The model doesn’t need to be big. For extraction and think cycles, a fast, cheap model works fine. I use DeepSeek V4 Flash through OpenCode Go. OpenAI’s gpt-4o-mini or a local llama.cpp instance would work just as well.

Full config reference with all 31 settings is in the README.

Your First Query#

Once the plugin is installed and your gateway restarted, memory works automatically. Session-start prefetch pulls relevant context into your system prompt. You can also query explicitly:

What does the thought graph remember about mesh networking in Raleigh?

The agent calls cashew_query behind the scenes, which seeds a vector search, walks the graph recursively via BFS, and returns formatted context. You’ll see results tagged by domain and node type (fact, observation, insight, decision).

If you want to explicitly persist something to the graph:

Save this to memory: the Eastern Repeater now has a 9.3 dBi Diamond BC920 antenna.

That calls cashew_extract, which runs the full extraction pipeline: LLM classification if wired, heuristic fallback if not.

What v0.8.0 Fixed#

The April article was honest about what was missing: “The parts of Cashew that are most distinctive (engineered forgetting, think cycles, and autonomous synthesis) are working in cashew-brain itself today; my Hermes integration exposes the retrieval primitives and not yet the brain operations.”

v0.8.0 closes that gap.

More specifically, it closes a gap that v0.7.4 created. If you’d installed that version, your agent would hang at session end. You’d wonder if the plugin was broken. You might uninstall it. The upstream sleep cycle was catastrophically slow. On our 7,100-node graph, it computed a full N-by-N embedding similarity matrix: 49 million floats, 24.5 million pair comparisons in a Python double loop; and committed each new cross-link edge to SQLite one transaction at a time. DELETE journal mode. It ran at 100% CPU for hours without finishing.

The refactored sleep cycle in v0.8.0 replaces that with a nine-phase vectorized pipeline: numpy similarity search, batched 500-edge commits in WAL mode, connected-component dedup instead of Bron–Kerbosch clique detection, LLM-powered dream nodes, and a work cap so it converges gradually over a few sessions instead of eating the whole graph at once.

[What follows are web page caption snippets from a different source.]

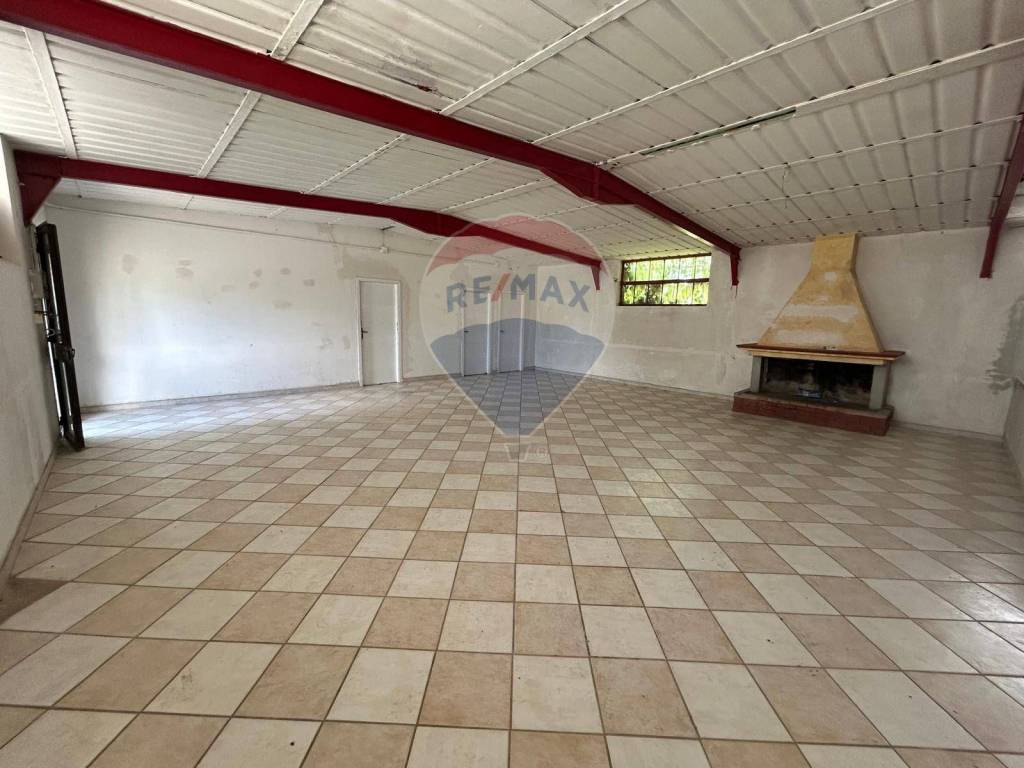 locale commerciale in vendita a Dolianova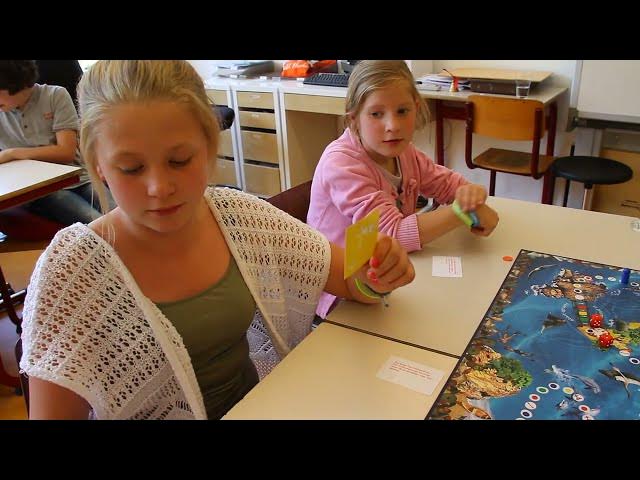 Bordspel Kikkerbecool, sociale vaardigheden, weerbaarheid, goede manieren, omgaan met pesten en plagen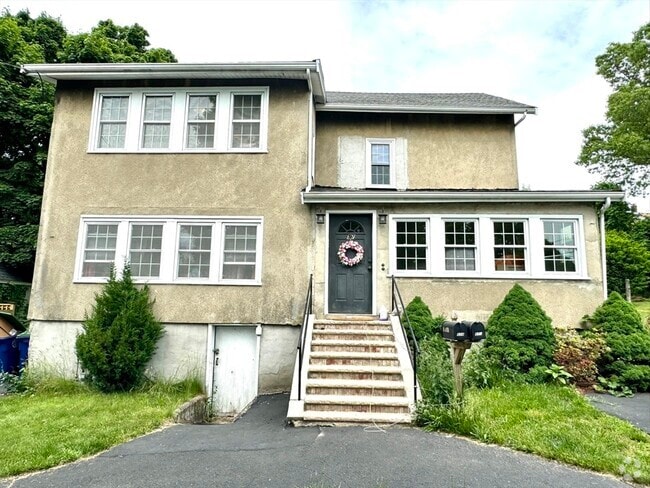 Building Photo - 57 Marietta Ave Unit 2 Rental
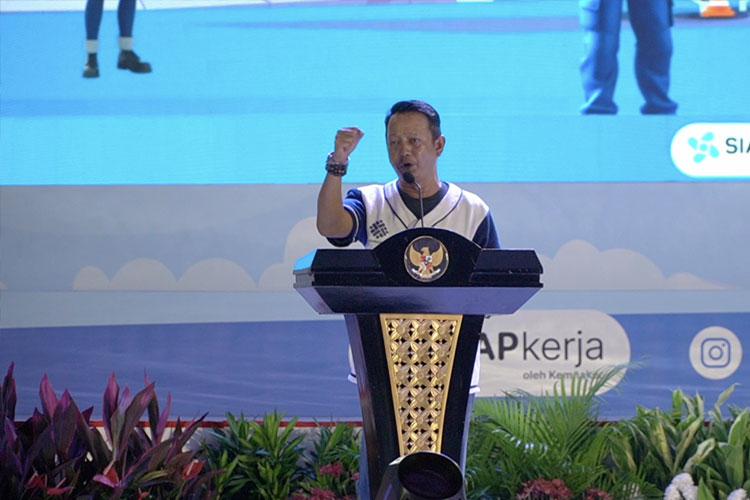 Arie Gumilar, Presiden FSPPB menegaskan komitmen dalam memperjuangkan reintegrasi operasional Pertamina dari hulu hingga hilir saat Peringatan Hari Buruh Internasional, Kamis (1/5/2025). (FOTO: Dok.FSPPB)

Result: 4 seconds. Down from hours. Tested at 7,100 nodes and 61,000 edges. 100% retrieval overlap with the original graph. Zero orphan edges. 32 new tests. And it runs automatically at session end when sleep_cycles: true. No cron job, no daemon thread, no dual-path flag. Just fires and logs a one-line summary. It finishes before you notice it started.

That’s the pattern hermes-cashew is built on: each release sharpens the parts that make it distinctive. v0.8.0 made sleep fast. The next ones will make it smarter.

Where to Go From Here#

hermes-cashew is open source (MIT). The GitHub repo has the full README, changelog, and contributing guide. If you hit a bug, find the extraction prompt biased toward certain types of content, or have an idea for a feature, open an issue. If you want to contribute, the CONTRIBUTING.md walks through the dev setup, test suite, and PR conventions.

The cashew-brain engine that powers all of this is Raj Kripal Danday’s project: an independent thought-graph engine with recursive BFS retrieval, organic decay, and autonomous synthesis protocols. hermes-cashew is a thin adapter around it. The upstream is active and worth following.

If you’re building your own agent memory system: the retrieval architecture matters far more than the extraction pipeline. On the LoCoMo benchmark, accuracy varied by 20 points depending on how the system retrieved memories, and only 3 to 8 points depending on how it summarized them at write time. How you find old context is more important than how you save it. The graph walk is the differentiator.

What’s in your agent’s memory right now that it can’t find?